Friday, March 14, 2014

The lipid forcefield comparison

[Updated Friday, April 11, 2014]

Our open research collaboration has tested the abilities of 10 12 current force fields to correctly sample the headgroup and glycerol conformations in phospholipids. The C-H order parameters calculated from simulations were compared to the corresponding ones measured in accurate NMR experiments. We found that none of the force fields is perfect, but promising results were obtained with the CHARMM36 and the unpublished Maciejewski–Rog force fields.

The ability of 12 current molecular dynamics force fields to reproduce the molecular structure in the PC-lipid headgroup region compared against NMR data.

Figure 1. The Lipid forcefield comparison.
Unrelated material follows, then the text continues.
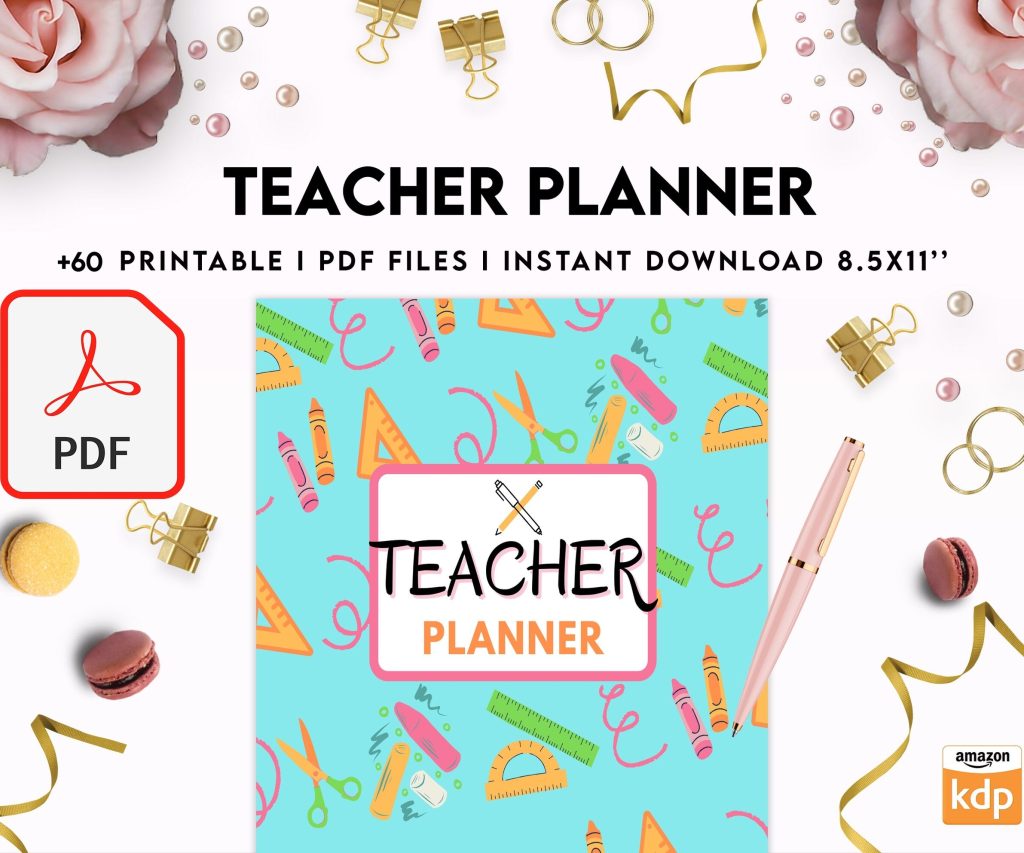 Teacher Planner, Teacher Journal, teacher Bundle pages, PDF Printable, Kdp interior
The absolute values of PC-lipid headgroup and glycerol C-H order parameters compared to values measured in NMR experiments. Pure systems, full hydration.

The following 10 12 force fields were tested: Berger—the united atom (UA) force field published in Berger 1997, Kukol—UA in Kukol 2009, Chiu—UA in Chiu 2009Poger—UA in Poger 2010, UlmUlm—UA in Ulmschneider 2009, Slipids—the all-atom (AA) force field published in Jämbeck 2012, CHARMM36—AA in Klauda 2010, GAFFlipid—AA in Dickson 2012,  Lipid14—AA in Dickson 2014, HoNiLy—AA in Högberg 2008, OPLS-AA—AA in Róg 2009, and MacRog—AA by Arek Maciejewski and Tomasz Róg (in press) in Maciejewski 2014.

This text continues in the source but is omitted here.